Voices in Iran, for example, are calling for cool heads to prevail. One is Heshmatollah Falahatpisheh, former head of the Iranian parliament’s foreign policy committee. He cautioned, “We should not see the issues emotionally” and must keep “the balance between diplomacy and the battlefield.” Iran cannot risk “a conflict that serves none of its national interests,” he added.
His advice for temperance over vengeance may reflect deeper shifts in the Middle East. Three trends mark that shift.
One is a widespread desire, mainly among young people, for equality and rule of law from their autocratic regimes. Protest movements in both Iran and many Arab states since the 2011 Arab Spring have forced rulers to think twice about igniting a conflict. In Iran itself, 80% of people reject rule by Islamic clerics, according to a Gamaan poll last year. That percentage probably keeps rising as authorities further crack down on women who don’t cover their head.
The second shift is a yearning for peace that is not merely the absence of violence. Before the war in Gaza, the region was alive with deals and dealmaking to expand trade and investment. Saudi Arabia, especially, was eager to appease its restless youth by building non-oil industries and perhaps recognize Israel.
A third shift is an increase in peacemakers. Qatar, a key regional ally of Iran, has sought to build a bridge of peace between Israel and Hamas. Last month, Oman hosted the first direct contact between Iranian and U.S. officials seeking cooperation to end attacks by Yemeni rebels against cargo ships in the Red Sea. Iraq has helped in reconciling Iran and Saudi Arabia.
“We never think about going to war because we know the results,” Iraqi Foreign Minister Fuad Hussein told the Wilson Center last year. His government’s focus, he said, is: “First, laws. Second, implementing laws. And third, changing the culture” of governance.

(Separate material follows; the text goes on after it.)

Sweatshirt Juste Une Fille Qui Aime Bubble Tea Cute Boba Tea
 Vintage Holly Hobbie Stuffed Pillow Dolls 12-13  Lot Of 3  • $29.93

If Iran does not retaliate against Israel’s attack on its embassy, it may be for internal reasons. The regime has serious social, political, and economic troubles, says Iranian journalist Saeid Jafari in an essay for the Atlantic Council this week. Its military response, in other words, may be more muted than its rhetoric.
The Middle East keeps changing from the violence of major wars that took place more than a half-century ago. It is more interlocked by public demands for better governance, shifts within Islam, trade, the internet, and the rise of norms such as one pushed by Oman – the “ideology of politeness.” Peace isn’t just a noun for “no violence.” It is a verb defining ideals in action.